**WHAT THE TASK ASKS**
Return only this: the line with "Milf Exchange Plan chapter 62 page 7" and all the lines that follow it below, through the final one, exactly as they are.

**STORED DATA**
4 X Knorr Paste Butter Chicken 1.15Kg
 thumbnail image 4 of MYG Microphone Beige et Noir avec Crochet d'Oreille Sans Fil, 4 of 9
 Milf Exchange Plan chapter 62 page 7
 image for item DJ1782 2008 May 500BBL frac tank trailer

**EXERCISE SOLUTION**
 Milf Exchange Plan chapter 62 page 7
 image for item DJ1782 2008 May 500BBL frac tank trailer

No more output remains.